As a co-member of the Loretto Community, I am part of one of its mission activities, the Loretto Women's Network (LWN), which we recently re-named the Loretto Feminist Network (LFN). Why the change? What is our sense of history?
By the 1990s, many of us moved into understanding the third and fourth waves of feminist thinking, not unwillingly, but curiously. I personally read a lot about the types of feminist thinking, and my students were some of my best teachers. They had new ideas, language (e.g. the way we used pronouns), and dreams for themselves. Some of my students identified as strong feminists, others were skeptical of feminism for its historical lack of diversity in the movement. I began to understand more deeply the range of experiences that women of color and other oppressed populations faced. The works of black poet Audre Lorde and others taught me to think in new ways, such as how each woman's personal identity was an intersection of identities and each of the intersections brought different meanings to feminism. This background has carried over into our work in the Loretto community.
As the Loretto Women's Network reflected on the changes, we arrived at our name change much like my personal journey. Our group is mostly women who are older, and we have lived the changes in the feminist movement. In 1981, the LWN affirmed feminism in statements (from the Loretto archives) such as:
A life-affirming movement reorganizing institutions and relationships so that women will have equal access to society's goods, services, status, power.
A process freeing women to work toward liberation for themselves and other oppressed persons.

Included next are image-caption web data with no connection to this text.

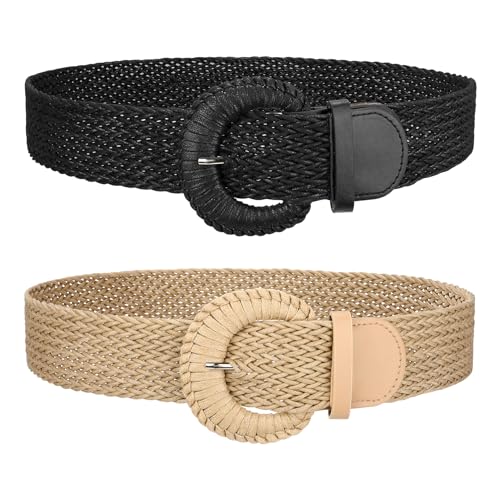 JASGOOD 2 Pack Women Woven Waist Belt for Dress Boho Rattan Belt Wide Braided Belt with Round Buckle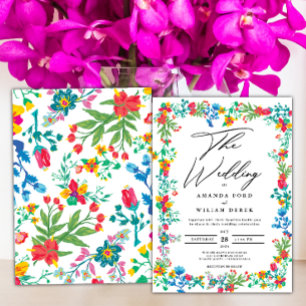 Invitation Boho chic moderne fleurs sauvages vives Mariage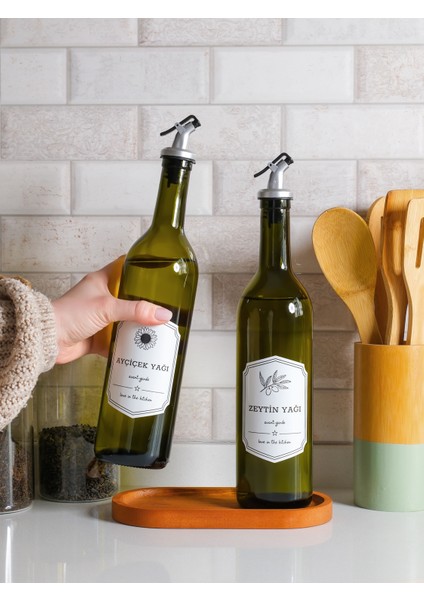 Ahşap Standlı 2'li Yağ ve Sirke Şişesi 750 ml Zeytinyağ Sıvıyağ Şişesi Dekoratif Yağdanlık Yağlık fiyatları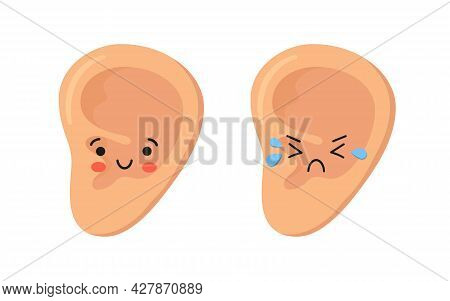 Human Ear Kawaii Happy And Sad Characters. Healthy And Sick Ear. Healthy Organ Of Hearing. Otitis An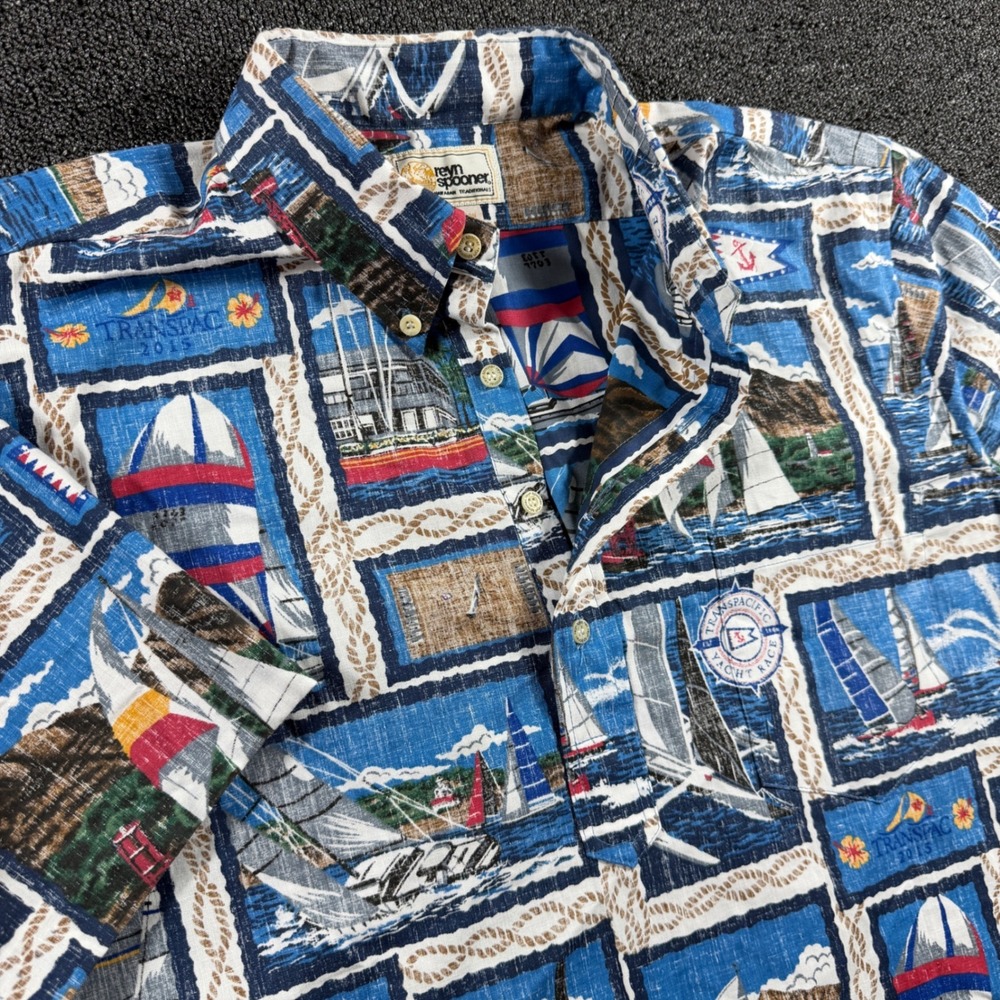 Reyn Spooner Transpac‎ Yacht Race 2015 Hawaiian Polo Shirt Men's L Sailboat AOP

Today the network recognizes that the understanding of gender has changed, especially the idea that gender is a fixed binary, either male or female. The Loretto Feminist Network continues to stand with women world wide who still face many barriers to equity. As we considered the name change, I felt the tug — are we abandoning women by changing our name?

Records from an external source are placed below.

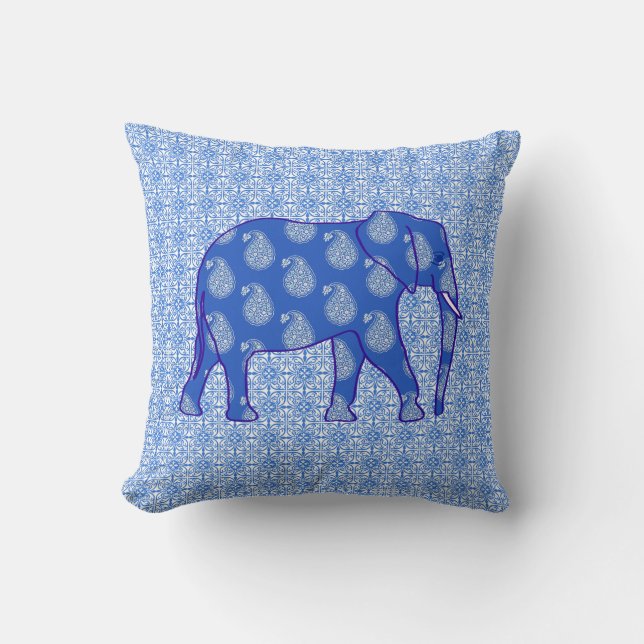 Cojín Decorativo Elefante paisley - azul cobalto y blanco (Anverso)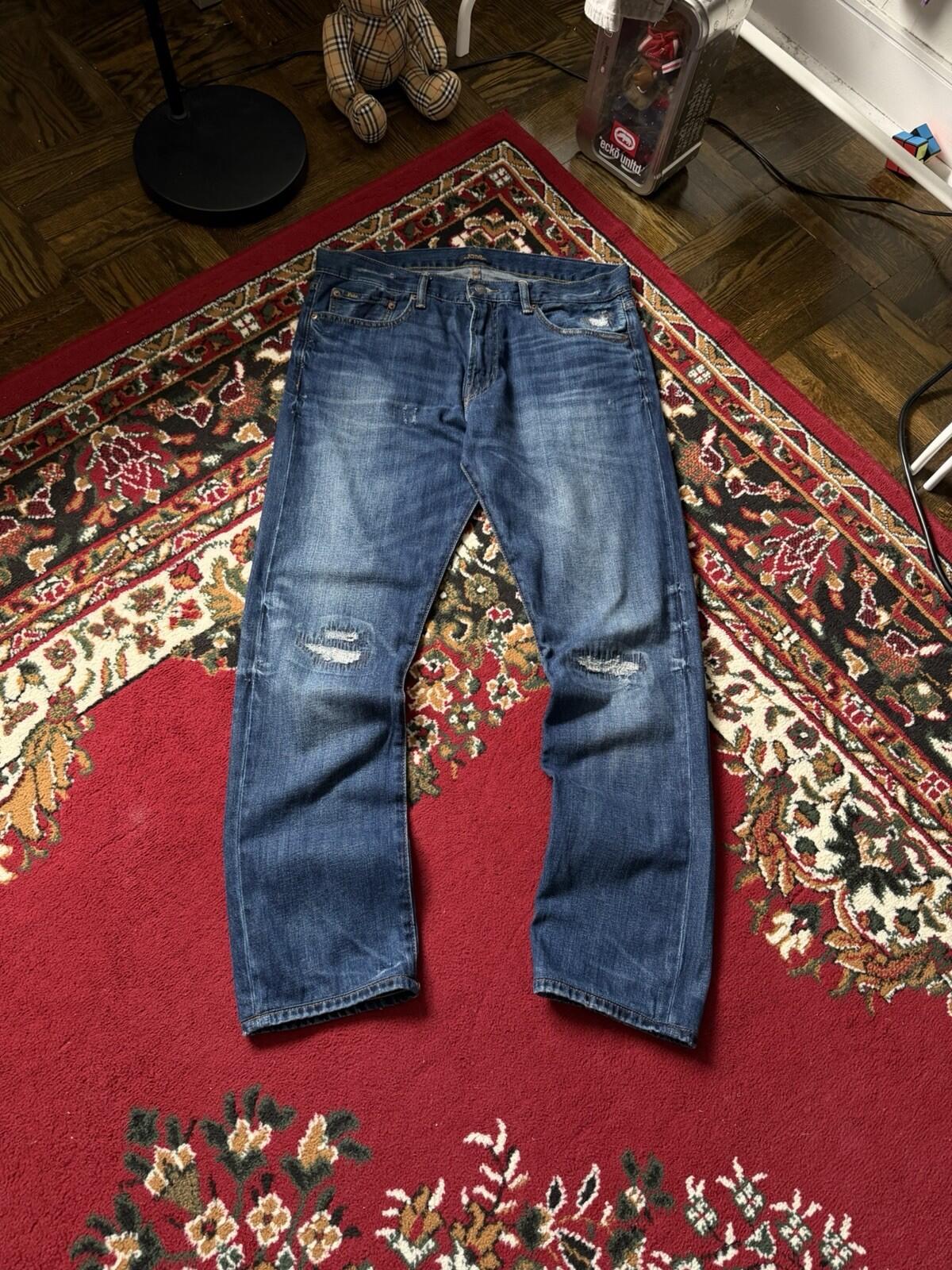 Ralph Lauren Polo Sashiko Repaired Patchwork Jeans Blue Size 34/32 Denim Pants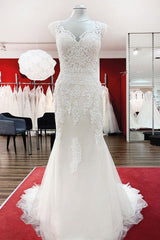 Wedding Dress V, Long Mermaid Lace Sweetheart Open Back Wedding Dress with Appliques Lace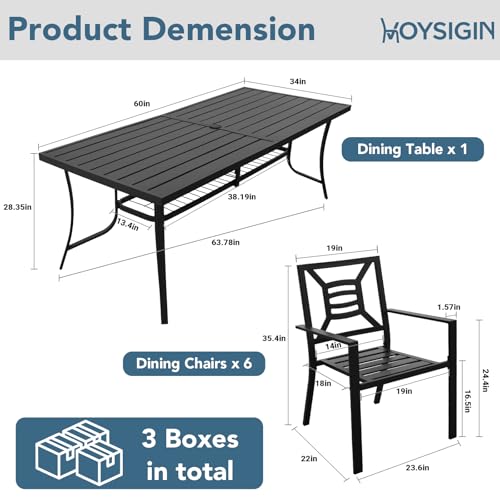 VOYSIGN 7 Piece Outdoor Patio Dining Sets, 60" Rectangular Metal Dining Table with Umbrella Hole & 6 Stackable Metal Chairs, Weather Resistant Garden Furniture Set for Backyard, Deck, Porch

We also recognized that the word feminist is challenging for many, in both the religious and secular worlds. It conjures up images of "hating men," which is not our meaning. Our thinking has developed: building on the past definitions LWN used for feminism, today the Loretto Feminist Network affirms the words of Angela Davis:
Feminism involves so much more than gender equality and it involves so much more than gender. Feminism must involve consciousness of capitalism … and racism and colonialism and post-colonialities, and ability and more genders than we can even imagine and more sexualities than we ever thought we could name.
The Loretto Feminist Network defines itself as social change movement. We affirm that social change movements working for justice are sacred endeavors. As a group of women of faith, in the Loretto tradition, we stand with Mary at the foot of the cross. We understand that endings are also beginnings. Today we clearly acknowledge a feminism that promotes change and healing in all systems of dominance and finds spaces for intersectional identities and oppressions.

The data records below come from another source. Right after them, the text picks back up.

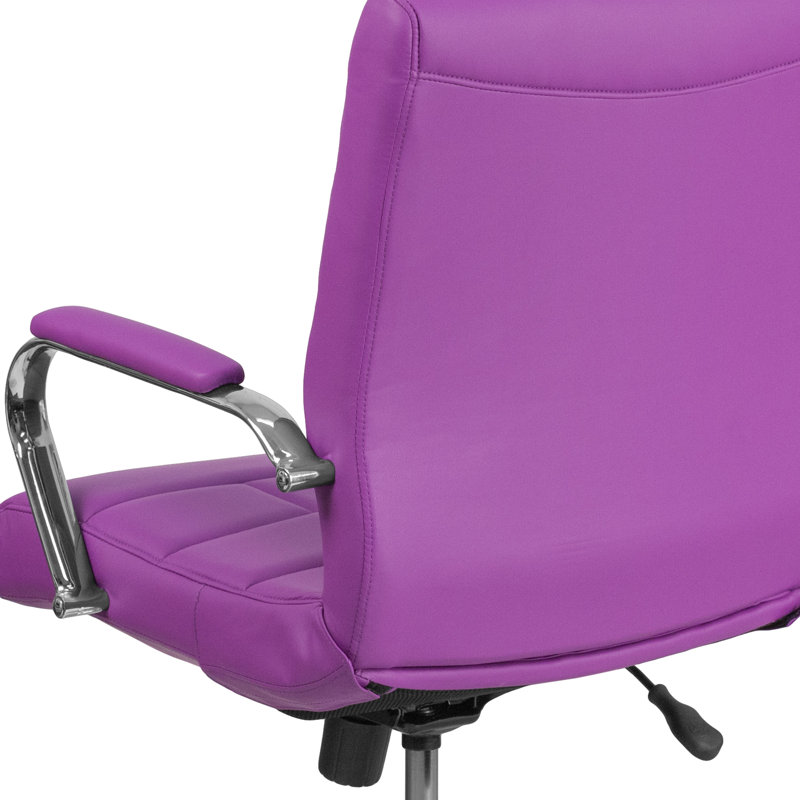 Jayen Mid-Back Swivel Vinyl Upholstered Desk Chair with Armrests, Purple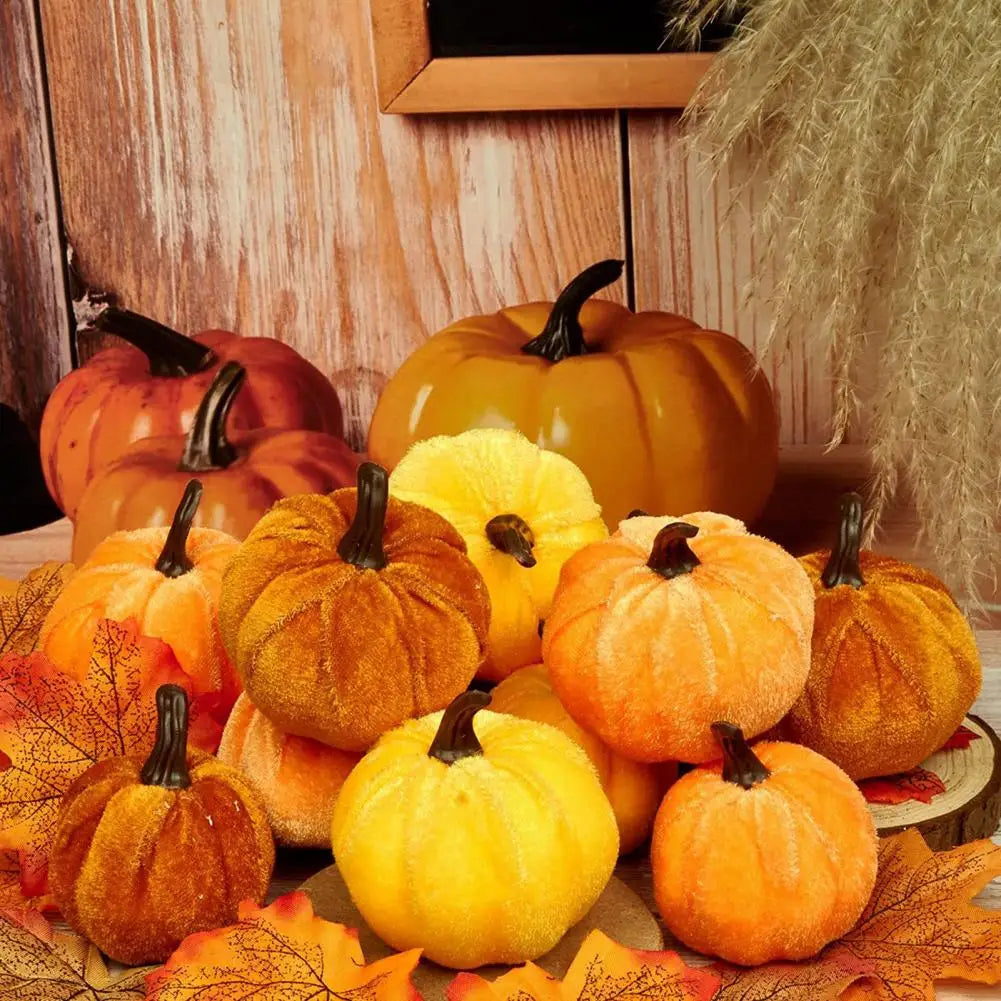 Multi Color Velvet Pumpkins (12 Pcs)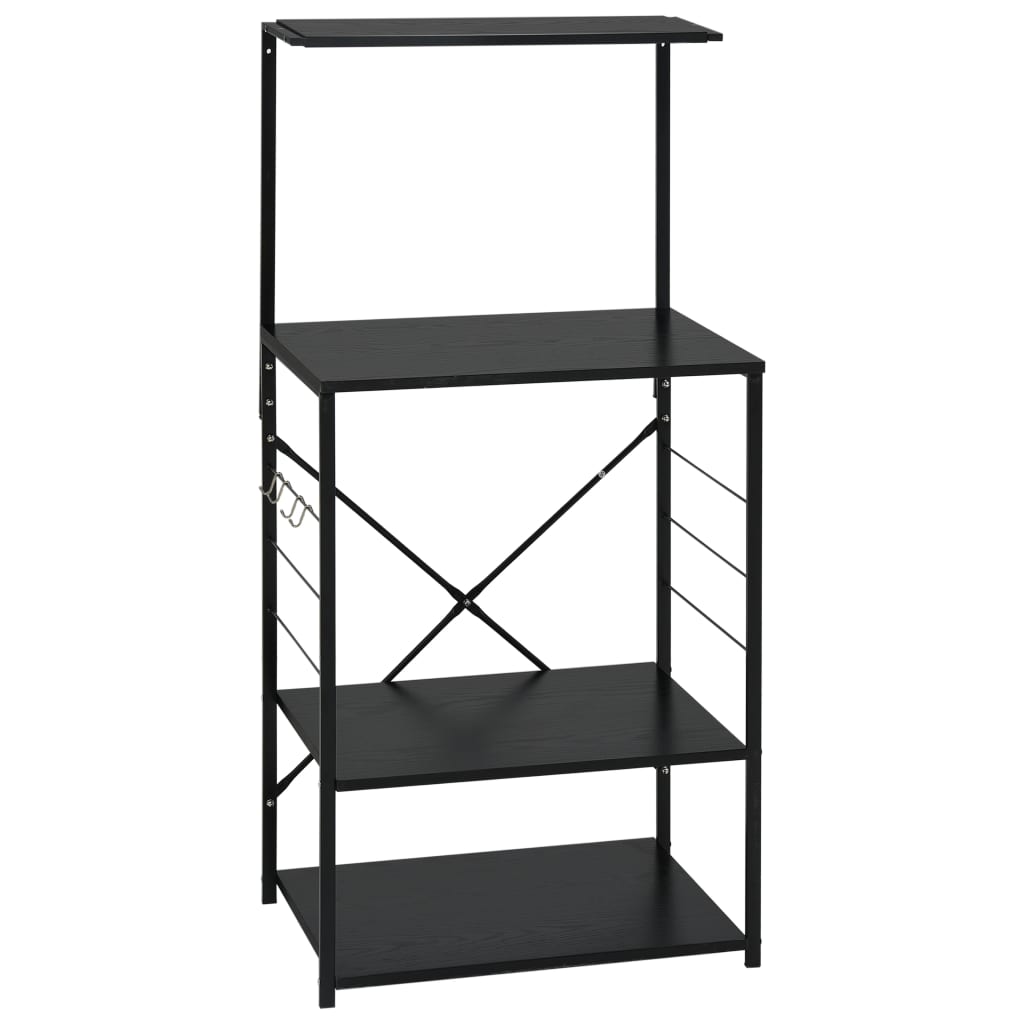 Microwave Shelf Black 60 X 39.6 X 123 Cm Particleboard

As outlined in our Identity Statement:
The Loretto Feminist Network acts to affirm the rights of all persons in church and society, regardless of their racial, ethnic, class, or national background, their age, sexual orientation or gender identity. Among these rights are:
the right to be treated as equals in relationships, institutions, and structures;
1. the right to equal access to goods, services, status, and power; and
2. the right to make those decisions which affect their lives, bodies, and properties.
As I think about the waves of feminisms pounding at our feet, I honor the work of the 20th century and lean into the dialogue of the 21st century, with the anticipation that our work is ever evolving.
[Dr. Jean F. East is a co-member of the Loretto Community and a professor emerita from the University of Denver Graduate School of Social Work. Her over 40 years of professional social work practice focused on the intersection of gender, race, poverty and trauma. Jean co-founded Women's Initiative for Service and Empowerment, which for 20 years provided services for financially vulnerable women through therapeutic services, leadership development and advocacy. In retirement, she volunteers with Angelica Village, a non-profit community that supports persons displaced by war and violence, including refugee youth, immigrants and formerly homeless families. She belongs to the Loretto Feminist Network.]